4 Reasons Your Company Vision Isn’t “Shared By All”

Before a leadership team begins its EOS journey, we ask each member of the team to rate the company from 1-10 (with 10 being best) in answer to three questions. The second question is, “How aligned is your organization around the company’s vision and plan?”

The average answer to that question is 4, and it’s not at all unusual for the owner/Visionary to offer a score several points higher than anyone else on the team.

Failpoints for Sharing a Company Vision

After nearly a thousand full-day EOS sessions with the leadership teams of 100 companies, I’ve begun to understand the four root causes of that potentially fatal disconnect between the Vision in your head, and what everyone else in the organization is doing every day.

1) It’s not simple. As your organization grows, it becomes more complex at the same time that you’re rapidly adding people and levels of communication.

Great leaders use a few clear words that make sense to everyone, not lots of words and abstract concepts that create confusion and ambiguity.

2) You don’t all agree. No truly entrepreneurial company lacks vision; the real problem is too often that each member of a leadership team has a slightly different view of where the company is going, and how it plans to get there. The only way to achieve agreement is through discussion, debate and real conflict.

When we’re working with a team to clarify and simplify the company’s vision, we ask eight questions and don’t move on until we hear the sweet sound of agreement. If you and your team haven’t yet had any real conflict around your company vision and plan, it’s highly unlikely your team is 100% on the same page.

3) It’s not written down. Getting the vision and plan clear in your heads is a major accomplishment, but it’s only a start. The next step is writing it down, using clear, simple words.

Whether or not you use a V/TO is up to you – but you must write it down. That will allow you and your leadership team to come back to the vision and plan regularly (we suggest quarterly) to confirm it or change it, because things change rapidly in an entrepreneurial company.

Once you’re all on the same page (often after resolving some conflict), a written document ensures that you all present the same vision and plan, appearing as one team, with one vision and one voice.

4) You don’t repeat yourself often enough. Humans need to hear something seven times to truly understand and internalize it for the first time.

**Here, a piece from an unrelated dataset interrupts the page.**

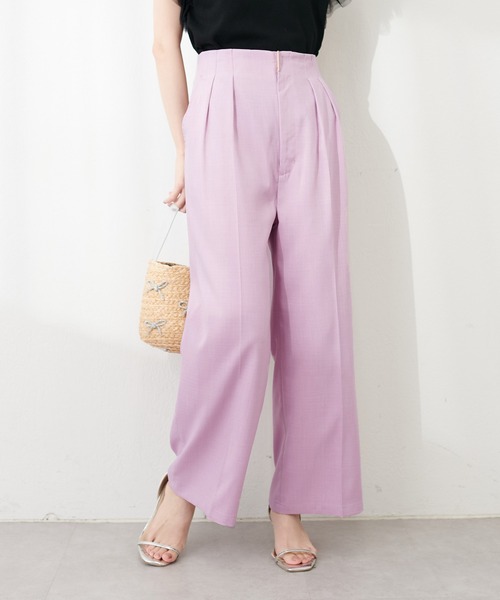 natural couture（ナチュラルクチュール）の「osonoゴールドバー付きタックパンツ（その他パンツ・レディース・ラベンダー/ライトベージュ/ブラック/グレー・MEDIUM/LARGE）」の4枚目の写真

When you get tired of hearing yourself talk about the company’s Core Values, Core Focus, 10-Year Target, etc., then you’re almost doing it enough. Because at the end of the day, a great leader knows her only job is clarifying, simplifying, and achieving the company’s vision through its people. When they don’t know what the vision is, what your plan and priorities are, and how they can help achieve it – you’re just alone, spinning your wheels.

These are four common mistakes. If you’re making one or more of them, there’s no reason to panic – it just means you’re human. It is possible to clarify, simplify, and achieve your vision. It’s possible to instill discipline and accountability throughout the organization, and to ensure everyone is consistently executing on your vision.  Thousands of entrepreneurial companies running on EOS are proving it every day.